If proven, such an attempt to use presidential authority to seek retribution for the exercise of First Amendment rights would unquestionably be grounds for impeachment. https://t.co/F1UANzeD2q
— George Conway (@gtconway3d) March 4, 2019
“I’ve been telling Cohn to get this lawsuit filed and nothing’s happened! I’ve mentioned it fifty times,” Trump reportedly complained during a 2017 Oval Office meeting with then-chief of staff John Kelly and Cohn after no action had been taken on Trump’s request to have the merger blocked. “And nothing’s happened. I want to make sure it’s filed. I want that deal blocked!”
The Hill notes: “The Justice Department ultimately brought a lawsuit that year seeking to block the merger on antitrust grounds, but U.S. District Judge Richard Leon ruled last year that the merger could proceed. Last month, the U.S. Court of Appeals for the D.C. Circuit upheld that ruling, rejecting the Justice Department’s effort to have Leon’s ruling reversed. ”

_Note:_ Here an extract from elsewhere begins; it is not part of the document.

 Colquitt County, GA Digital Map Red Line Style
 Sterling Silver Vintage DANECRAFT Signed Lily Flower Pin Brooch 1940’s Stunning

Trump has repeatedly criticized the deal, which Time Warner viewed as “essential to its survival,” an unusual move for a sitting president, according to the New Yorker.
The magazine notes that “many people suspected that his objection was a matter of petty retaliation against CNN.”
“If proven, such an attempt to use presidential authority to seek retribution for the exercise of First Amendment rights would unquestionably be grounds for impeachment,” tweeted Conway, partner and Of Counsel in the Litigation Department at Wachtell, Lipton, Rosen & Katz in New York City.